He had called me about a month ago, out of the blue. Steve was a guy who, in retirement, was all about enjoying his solitude, so I knew something was amiss.
He never talked about his illness that much with me, though I knew about it. He was a guy who never wanted to burden anyone else with his problems.
The way it was told to me by his wife, Nancy, Steve waited for his oldest daughter, Robyn, to arrive from Spain, where she lives. And then, about an hour-and-a-half later, with Nancy, Robyn, and Debbie, his other daughter, at his bedside, he peacefully let go.
In the 1990s, Steve and I worked together as a sports-talk team. Judging from the abundance of e-mails I received after the news of his passing, our little radio show meant a great deal to many. Any success I have had in the sports radio business can be attributed to the time I spent working with Steve Fredericks, who more than anything, taught me how to be a professional.
We were thrown together on the air, in an important evening drive-time slot. I was making a transition to full-time radio from newspaper journalism, and he was trying to achieve one more triumph in a legendary radio career.
Truth was, I was scared. Listening to Fredericks over the years, I didn't mind that he was abrasive. I wondered how he could be so abrasive with the wrong opinion. (A sports talker is nothing unless he thinks he's right about everything.) I thought our show would be a constant wrestling match, with me getting bulldozed by the savvy veteran. But magic happened.
We didn't even consult one another about our subject matter the first day on the air, and the show somehow flowed with the ease of running water. Steve saw it right away - the show would be much better with him being the straight man and me being the tempestuous kid he could rein in with a deep-voiced chuckle.
We talked about sports but also about life, and about modern culture and about politics. We had fun, and in doing what we did, the audience also seemed to have fun.
Steve Fredericks was a wise and learned man. He knew a lot about a lot, and could hold an intelligent conversation with you on most any subject. We were never at a loss for material. He was a man in full, and the stories of his life experiences flowed regularly.
We were in a commercial break one day and I was reading a newspaper story about Fred Grandy. The actor who played the character Gopher on the 1980s television show The Love Boat was running for the U.S. House of Representatives from Iowa. Here was our conversation:
"Hey, Steve, look at this - Fred Grandy is running for the House."
"I partied with Fred Grandy."
"Huh?"
"Yeah, we were friends. When I was up working in Boston, he was a member of this acting troupe up there - I was dating Jane Curtin at the time and she was with the troupe."
"Ah . . . Jane Curtin? From Saturday Night Live?"
"Yeah."
Fredericks recalled that he, Grandy, Curtin, and others would sometimes revel all day while idling around Boston Harbor on a borrowed boat.

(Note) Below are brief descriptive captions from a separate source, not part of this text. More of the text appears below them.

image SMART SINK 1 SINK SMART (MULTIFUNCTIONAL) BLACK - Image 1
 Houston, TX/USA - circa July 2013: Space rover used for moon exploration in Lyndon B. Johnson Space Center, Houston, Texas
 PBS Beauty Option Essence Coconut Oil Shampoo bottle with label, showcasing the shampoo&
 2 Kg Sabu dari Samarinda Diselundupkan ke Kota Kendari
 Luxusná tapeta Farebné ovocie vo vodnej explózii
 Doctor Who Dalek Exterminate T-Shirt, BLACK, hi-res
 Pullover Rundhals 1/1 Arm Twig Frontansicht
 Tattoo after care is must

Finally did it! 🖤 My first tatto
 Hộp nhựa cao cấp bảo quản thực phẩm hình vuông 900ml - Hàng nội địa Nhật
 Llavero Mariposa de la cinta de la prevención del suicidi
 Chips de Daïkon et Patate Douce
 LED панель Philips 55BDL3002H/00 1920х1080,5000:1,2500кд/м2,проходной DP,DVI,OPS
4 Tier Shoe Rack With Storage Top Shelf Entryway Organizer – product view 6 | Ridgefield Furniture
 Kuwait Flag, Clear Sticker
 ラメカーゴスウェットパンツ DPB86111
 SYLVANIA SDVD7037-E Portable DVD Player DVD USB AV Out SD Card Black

"Steve, you have the key to his skeleton closet!" I exclaimed.
"Ah, let him be a politician," Steve answered. "Would he be any different?"
And by that time, we were back from commercial and I had to re-program myself back into complaining about the Eagles or something.
On another break, Fredericks might tell me about an evening of carousing with his buddy, Boston Bruin Wayne Cashman, where the two of them didn't get back to their homes until about 5 a.m. The Bruins were playing that night and Fredericks went in to see Cashman after a pregame skate.
"How you doing, Hoss?" Steve asked him. And Cashman proceeded to throw up on his skates and Fredericks' shoes.
Of course, those were the wild days of Steve Fredericks.
The last 30 years of his life, he lived as a sober man - a response to his embarrassing arrest on a Kensington street corner, caught trolling for heroin. Thieves who had seen him get pinched later stripped his car and stole his golf clubs from the trunk.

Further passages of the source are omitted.